In celebration of its 12th year in Singapore, Din Tai Fung has unveiled 12 new dishes which are exclusively available at their flagship restaurant in Paragon Orchard.
Spearheaded by a team of passionate chefs and food technologist, the new creations took an entire year to develop and take form. These dishes are in line with Din Tai Fung’s approach to food- simple, harmonious and balanced. Out of the 12 new items, 5 of them are suitable for vegetarians to enjoy.
We started the meal with 4 chilled starters, which were all very refreshing and healthy. The Chinese Yam Steep in Umeshu & Cherry Tomato Dressing ($7.80) took me by surprised upon my first mouthful. The flavours were amazing! Chinese Yam is steeped in Japanese plum wine for 12 hours for a hint of sweet-sour tang, then topped with cherry tomato dressing for a touch of sweetness. Chinese Yam is high in nutrients and fibre, aids digestion and boost immunity.
The Refreshing Bittergourd Marinated with Black Bean Sauce ($5.50) comprises of bittergourd that has been generously marinated with a specially concocted black bean sauce. Each piece of bittergourd is identically sized to ensure consistency during the cooking process resulting in consistent texture. Despite it numerous health benefits, I usually steer away from this nutritious vegetable, however, thanks to Din Tai Fung’s robust marinade, the bitterness was toned down and I found myself reaching for a couple more.

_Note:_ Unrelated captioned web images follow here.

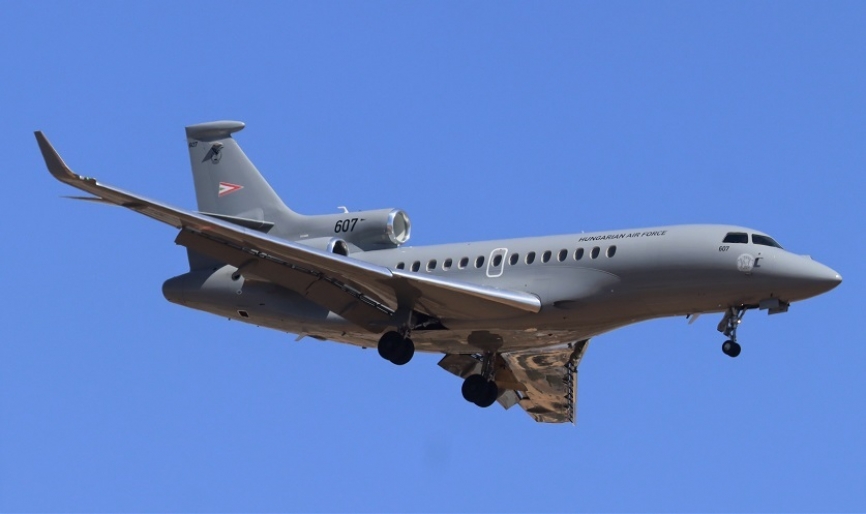 Uno de los reactores de tipo ejecutivo que llegaron a Madrid, fue este Falcon 7X de la Fuerza Aérea de Hungría.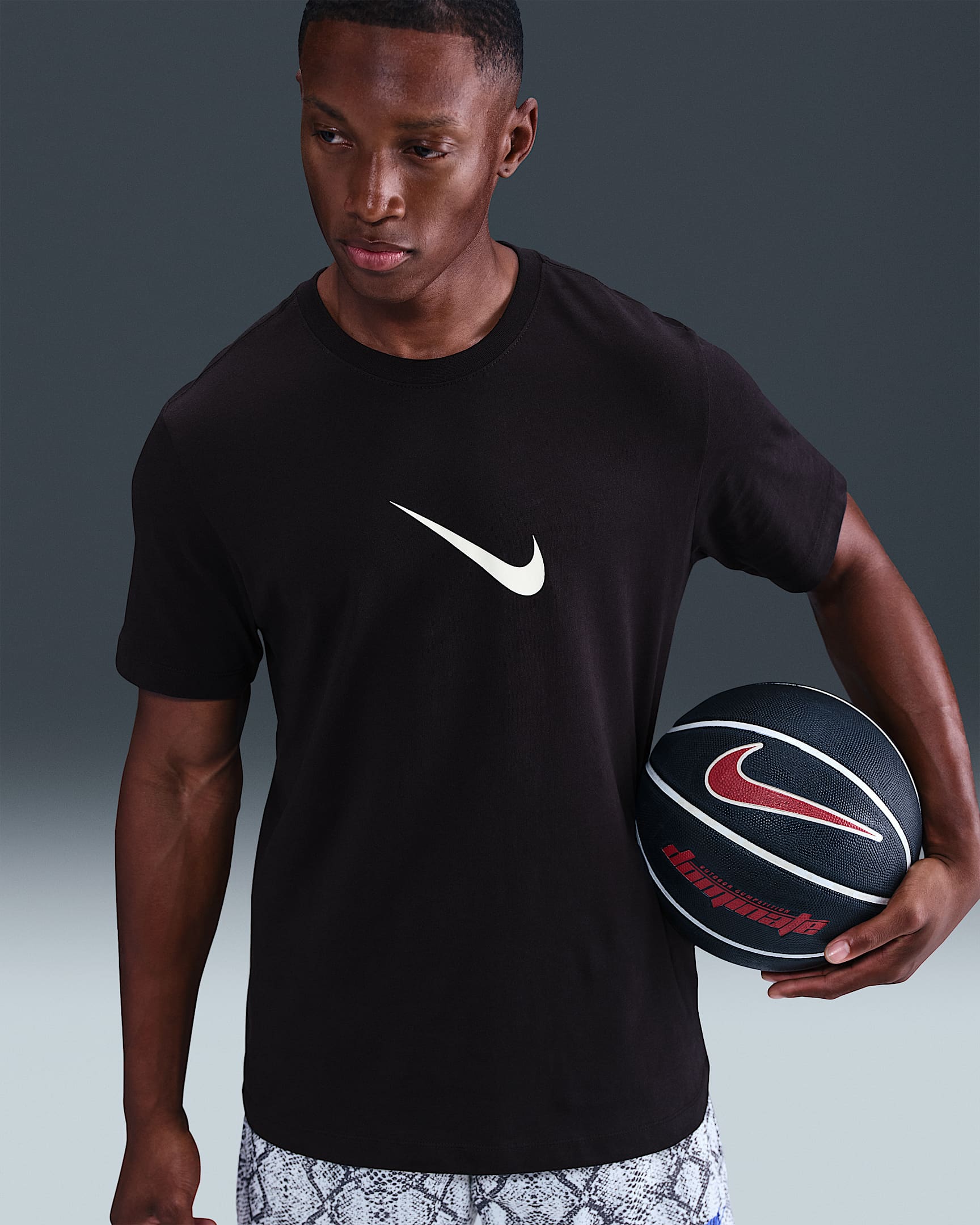 Playera para hombre Giannis - Negro
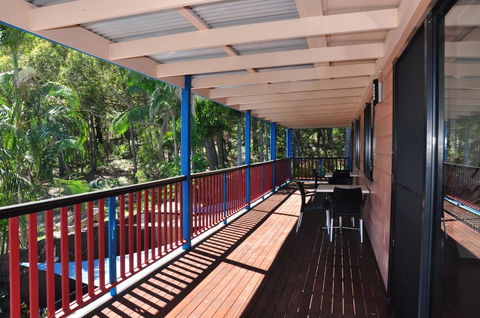 43 Double Island Drive - Two Level Holiday Home With Swimming Pool. Located Close To Beach And CBD - Tourism Townsville 2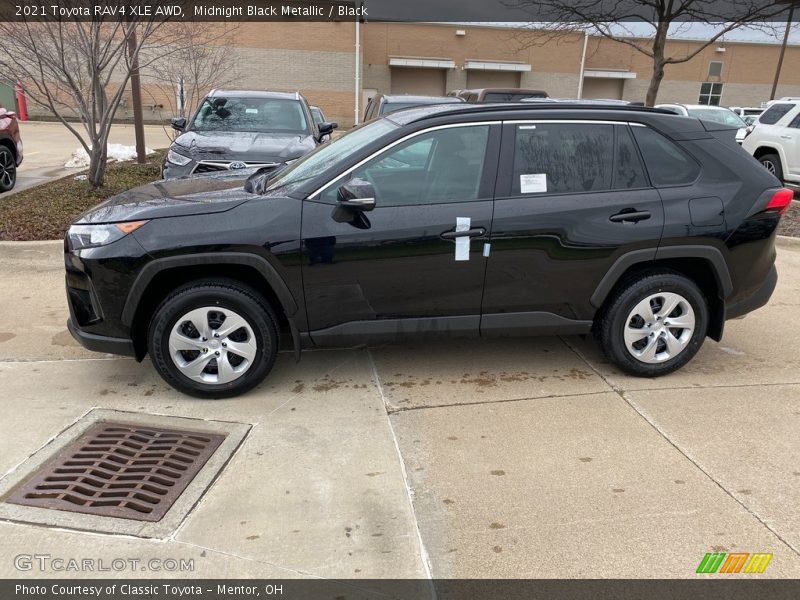 Midnight Black Metallic / Black 2021 Toyota RAV4 XLE AWD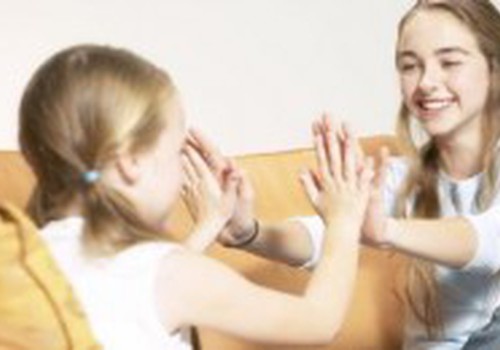 Мамы используют язык жестов для общения с малышами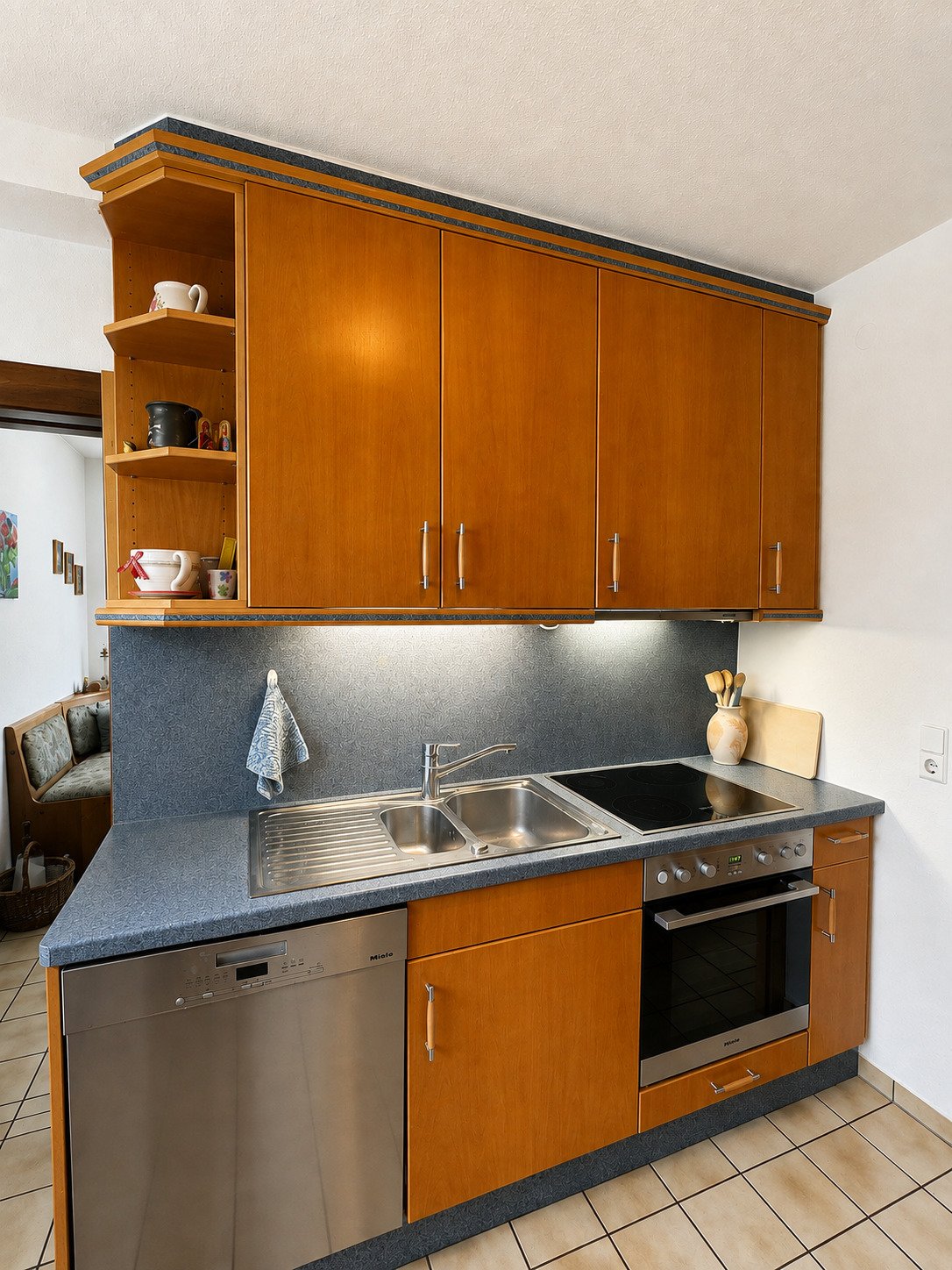 EG Küche mit Miele Einbaugeräten EG Küche mit Miele Einbaugeräten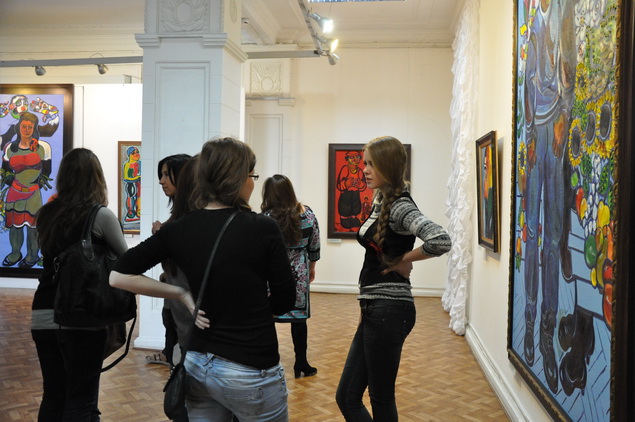 На мастер-классе и открытии выставки было много молодежи.
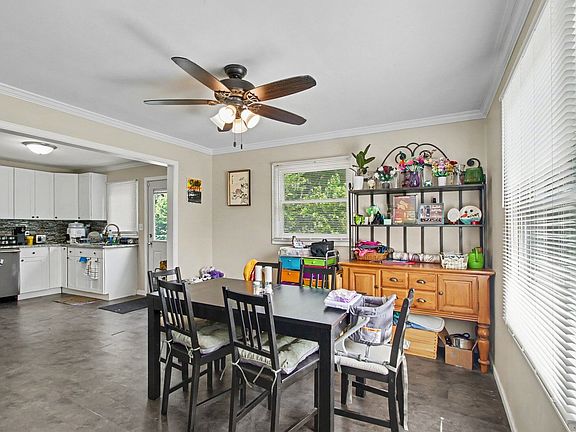 4th image of 426 Redwing Dr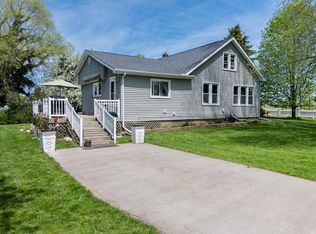 10687 Maple Island Rd, Fremont, MI 49412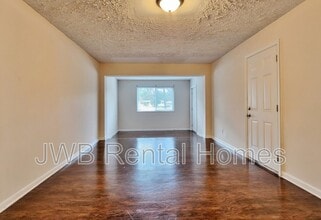 6805 Bambi Ln in Jacksonville, FL - Building Photo - Building Photo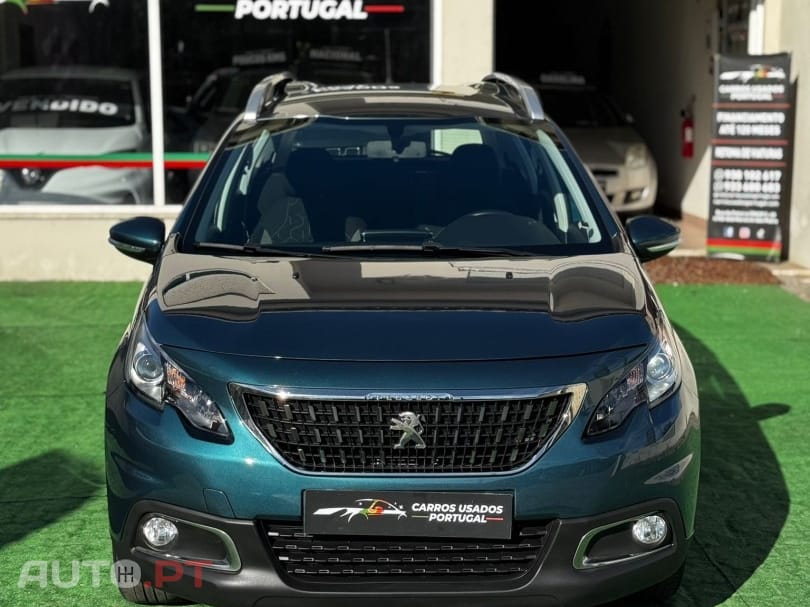 Peugeot 2008 1.2 PureTech Style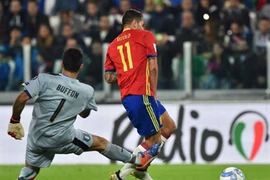 Ý - Tây Ban Nha (1-1) Sai lầm của hai lão tướng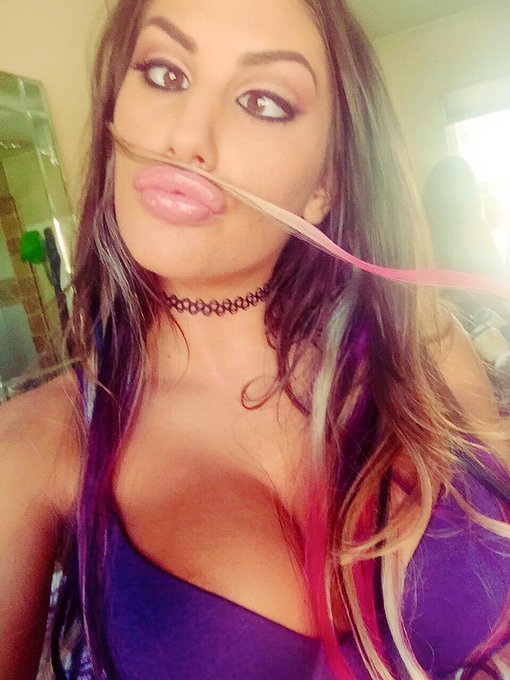 Mood = derpina ? http://t.co/7k1wByT3Q0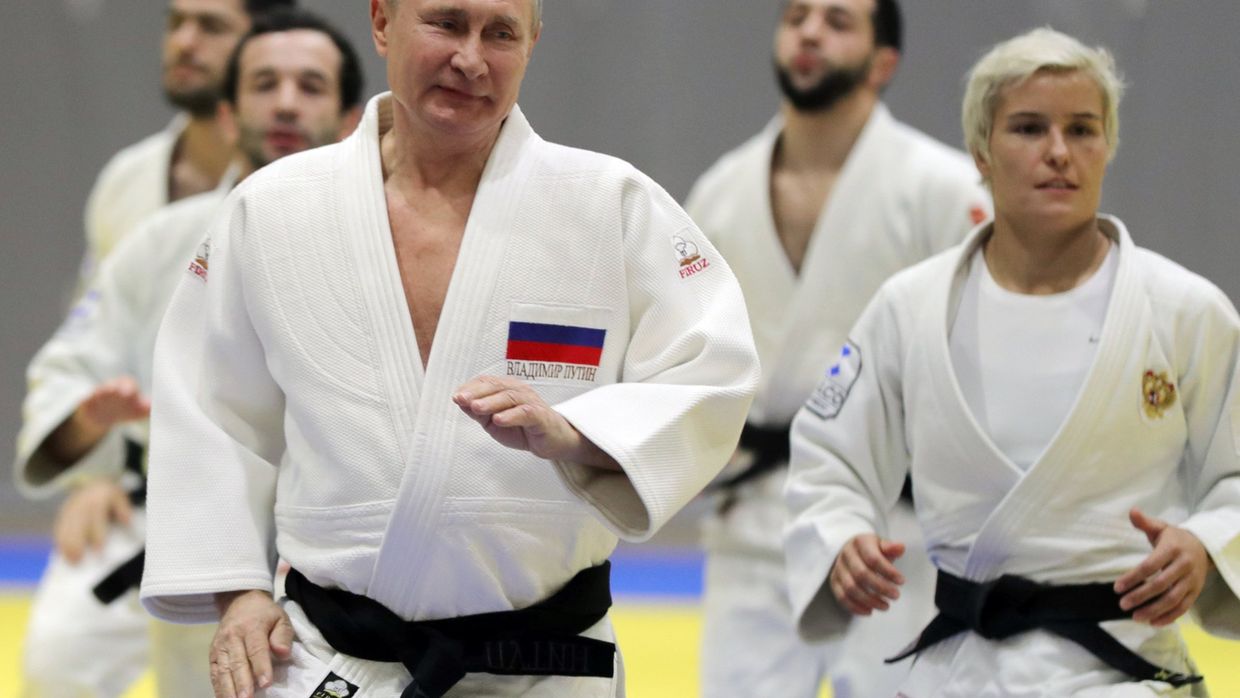 Президент РФ Владимир Путин во время тренировки по дзюдо на татами во время посещения спортивно-тренировочного комплекса Юг-Спорт. Справа - российская дзюдоистка Наталья Кузютина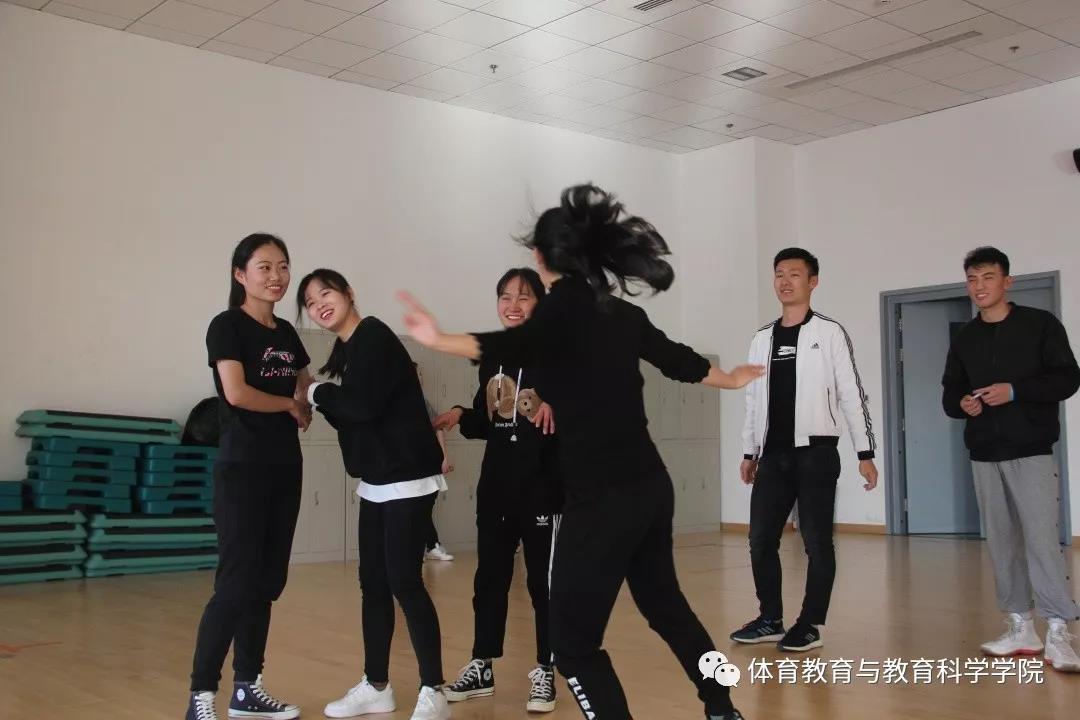 77体育风采图片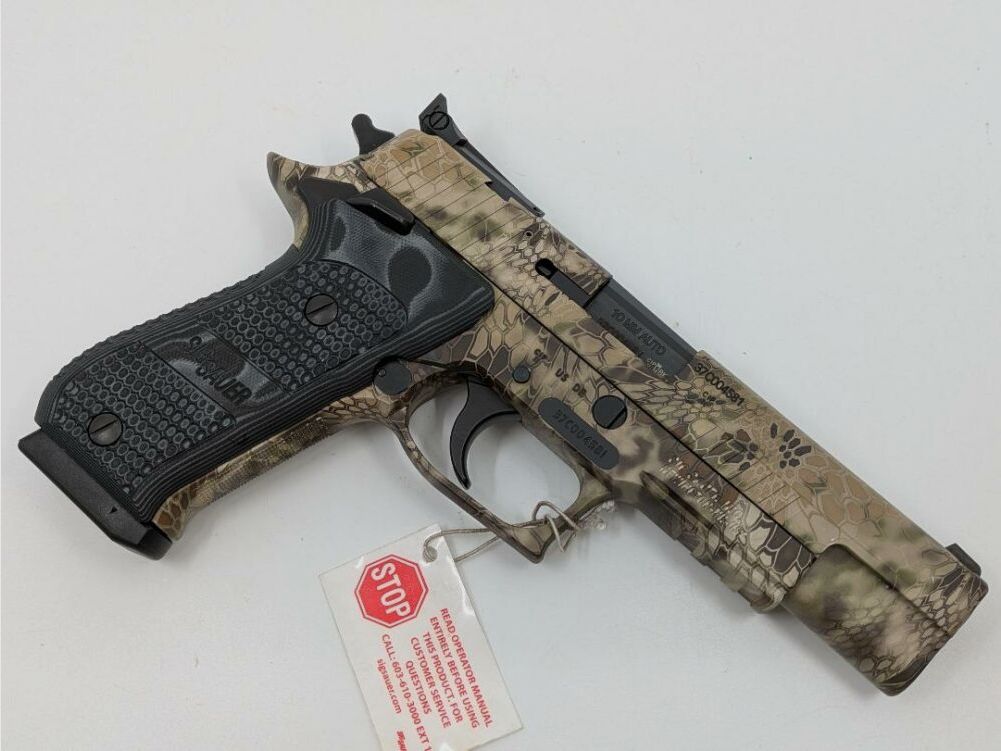 <SIG Sauer P220 Hunter>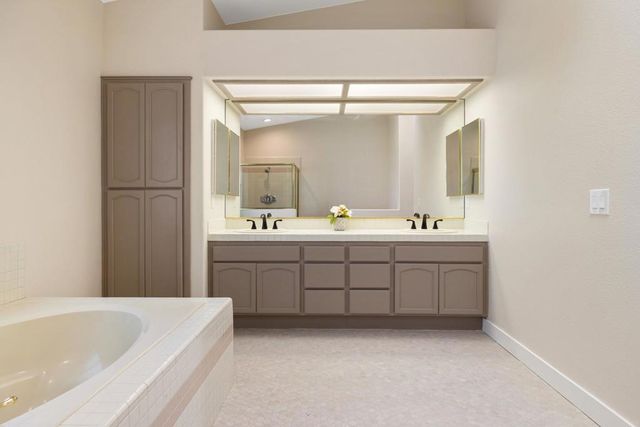 43690 Skyward Way, La Quinta, CA 92253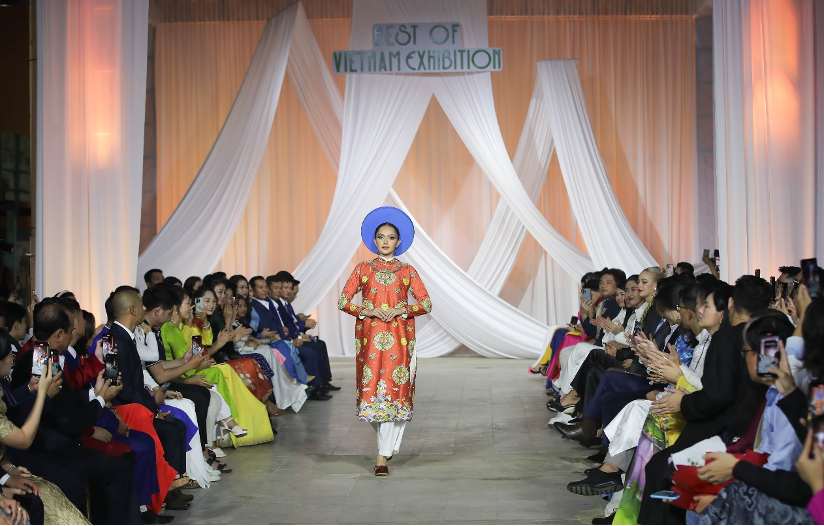 Thí sinh Miss Cosmo trình diễn áo dài tại không gian nhà máy chè 1927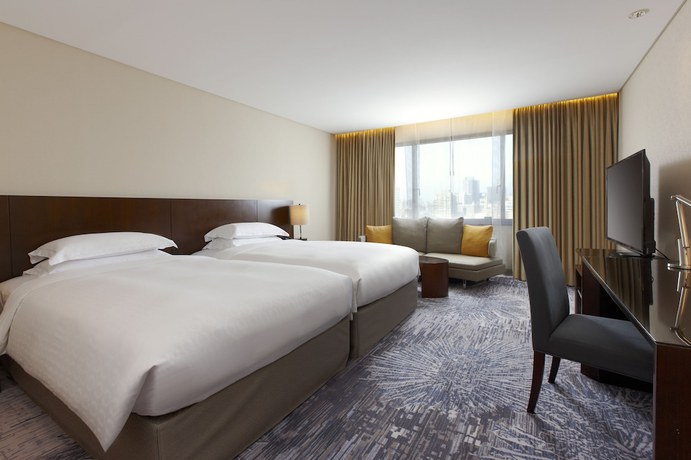 Imagen de la habitación del Hotel Sheraton Grand Taipei. Foto 5
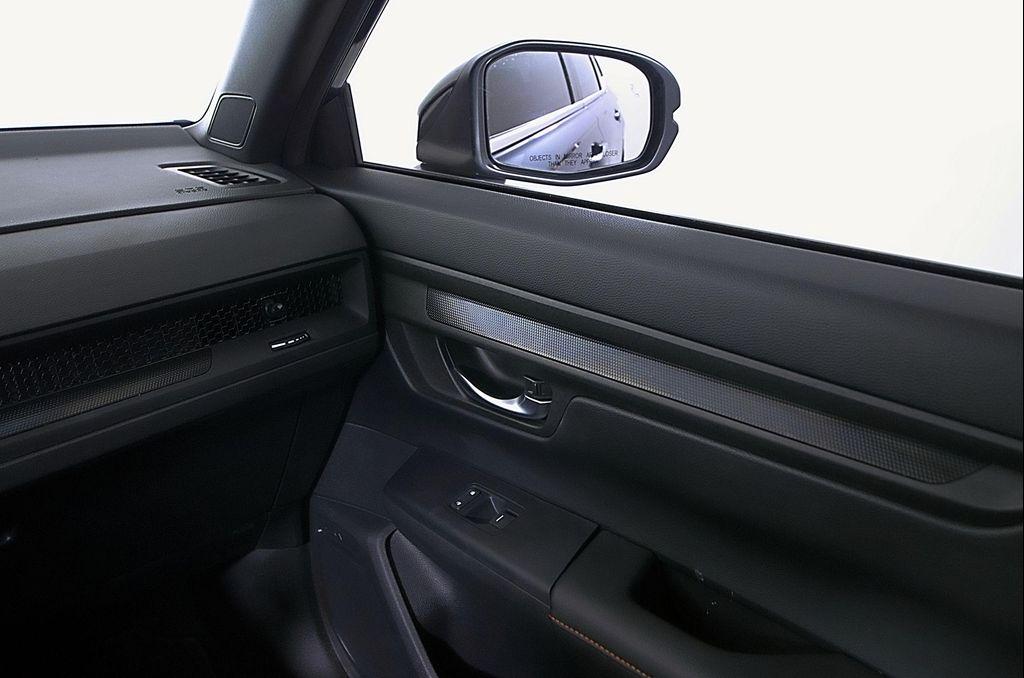 used 2025 Honda CR-V Hybrid car, priced at $34,831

Simplicity is the ultimate form of sophistication. In the Cucumber Dressed with Garlic & Chilli Oil ($5.30), fresh Japanese cucumbers are paired harmoniously with garlic and chilli oil. The slight heat and robust dressing highlights the natural sweetness of the cucumbers. The texture of the Japanese cucumbers were wonderful- each bite rewards with a resounding crunch. My personal favourite among the 4 new appetizers.